Trapped-ion Q-node and BSM-node Design and Implementation 

A trapped-ion Q-node is a few-qubit quantum computer with a photonic interconnect. It is designed to perform both conventional and quantum functions. Major functions include:

• local quantum computations using trapped ions, 

• single photon generation whose polarization is entangled with one of its trapped-ion qubits, 

• quantum frequency conversion (QFC) between the native wavelengths of trapped ions (854 nm) and telecom bands (1550 nm), and 

• conventional computation and communication to control the flow of quantum information. 

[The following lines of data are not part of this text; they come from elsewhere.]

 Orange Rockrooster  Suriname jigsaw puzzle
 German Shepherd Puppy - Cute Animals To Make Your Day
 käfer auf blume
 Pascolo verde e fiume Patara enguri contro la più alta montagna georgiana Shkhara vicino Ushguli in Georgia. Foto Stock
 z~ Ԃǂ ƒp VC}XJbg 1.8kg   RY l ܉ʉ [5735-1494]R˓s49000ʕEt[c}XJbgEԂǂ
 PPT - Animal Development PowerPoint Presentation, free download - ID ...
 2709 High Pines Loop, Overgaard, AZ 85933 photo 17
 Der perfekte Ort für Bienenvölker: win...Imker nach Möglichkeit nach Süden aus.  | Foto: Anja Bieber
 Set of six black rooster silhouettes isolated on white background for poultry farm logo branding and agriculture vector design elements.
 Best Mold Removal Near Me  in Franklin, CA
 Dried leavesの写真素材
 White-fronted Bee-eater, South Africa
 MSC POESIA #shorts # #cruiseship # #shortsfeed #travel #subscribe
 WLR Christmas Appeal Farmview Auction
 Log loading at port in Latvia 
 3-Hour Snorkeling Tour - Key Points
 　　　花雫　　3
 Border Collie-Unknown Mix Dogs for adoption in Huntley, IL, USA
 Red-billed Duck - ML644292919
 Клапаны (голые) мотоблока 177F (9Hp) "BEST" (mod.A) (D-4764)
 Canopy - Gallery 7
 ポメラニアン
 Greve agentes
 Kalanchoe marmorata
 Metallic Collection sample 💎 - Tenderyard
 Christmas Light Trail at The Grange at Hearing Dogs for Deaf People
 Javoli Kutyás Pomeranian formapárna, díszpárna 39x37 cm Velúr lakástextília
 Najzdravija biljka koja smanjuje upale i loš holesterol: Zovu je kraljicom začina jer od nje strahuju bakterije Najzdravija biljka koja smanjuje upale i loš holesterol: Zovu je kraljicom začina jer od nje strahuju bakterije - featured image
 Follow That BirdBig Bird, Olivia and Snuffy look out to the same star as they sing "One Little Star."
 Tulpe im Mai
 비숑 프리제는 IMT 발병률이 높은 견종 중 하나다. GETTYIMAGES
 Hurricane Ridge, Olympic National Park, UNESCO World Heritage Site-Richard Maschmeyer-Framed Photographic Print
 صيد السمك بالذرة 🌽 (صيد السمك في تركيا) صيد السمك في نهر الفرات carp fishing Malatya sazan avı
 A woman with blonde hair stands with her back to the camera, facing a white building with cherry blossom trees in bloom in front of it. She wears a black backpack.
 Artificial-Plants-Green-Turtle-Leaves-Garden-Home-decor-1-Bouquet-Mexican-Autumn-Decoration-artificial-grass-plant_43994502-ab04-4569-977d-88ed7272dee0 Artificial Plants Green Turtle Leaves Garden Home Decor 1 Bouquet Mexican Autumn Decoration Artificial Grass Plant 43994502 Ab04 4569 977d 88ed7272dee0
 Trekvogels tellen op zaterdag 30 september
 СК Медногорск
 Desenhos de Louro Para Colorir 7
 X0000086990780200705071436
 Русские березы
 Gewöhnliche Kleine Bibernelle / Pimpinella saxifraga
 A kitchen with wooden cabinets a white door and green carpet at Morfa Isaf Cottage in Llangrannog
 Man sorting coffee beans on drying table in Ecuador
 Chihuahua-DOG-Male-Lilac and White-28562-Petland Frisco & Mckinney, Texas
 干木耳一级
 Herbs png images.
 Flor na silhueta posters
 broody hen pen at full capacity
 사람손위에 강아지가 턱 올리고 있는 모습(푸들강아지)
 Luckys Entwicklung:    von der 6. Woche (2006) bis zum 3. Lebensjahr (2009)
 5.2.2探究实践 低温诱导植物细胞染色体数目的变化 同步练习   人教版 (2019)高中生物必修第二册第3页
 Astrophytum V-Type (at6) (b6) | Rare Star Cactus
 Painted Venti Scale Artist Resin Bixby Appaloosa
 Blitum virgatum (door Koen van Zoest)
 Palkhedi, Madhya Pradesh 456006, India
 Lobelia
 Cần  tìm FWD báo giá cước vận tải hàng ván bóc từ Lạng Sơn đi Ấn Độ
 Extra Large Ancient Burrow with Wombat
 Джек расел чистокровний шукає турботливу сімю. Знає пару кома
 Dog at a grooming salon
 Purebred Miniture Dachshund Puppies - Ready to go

For example, a Q-node exchanges messages with other quantum network nodes via conventional traffic channels to act on successful entanglement generation and demands for quantum resources, or simply to perform quantum channel calibration and optimization. The former requires real time control while the latter usually is not very time critical. 

Fig. 7 illustrates a trapped-ion Q-node design. It has one or multiple ions trapped in a cavity. An ARTIQ-based real-time control system controls the amplitude, frequency, and phase of laser light as well as the voltages used to manipulate the internal as well as motional degrees-of-freedom of the trapped ions in real time at the sub-microsecond time scale. Non-real-time operations such as triggering calibration sequences, analysing their results and feedback of the newly determined parameters are executed in software in the CPU domain. A Q-node has three types of communication channels: (1) quantum channel(s) to send quantum signals and messages. (2) ctrl&clk channel(s) to transmit/receive control and clock signals and messages to support time-critical operations. And (3) a TCP/IP connection to transmit conventional messages for non-real-time operations. 

Real time control of the Q-nodes is required, allowing the system to make complex decisions based on both external communication as well as from the Q-node itself. Specifically, the Q-node acts on an external trigger when to stop the entanglement attempts, but also when new demands for entanglement arise. Also, the Q-node is designed to react to external demands for teleportation, i.e. to implement a local BSM, communicate its result, and/or act on results on local BSMs of other Q nodes, or BSM nodes. 

Figure 7: An ARTIQ-based trapped-ion Q-node.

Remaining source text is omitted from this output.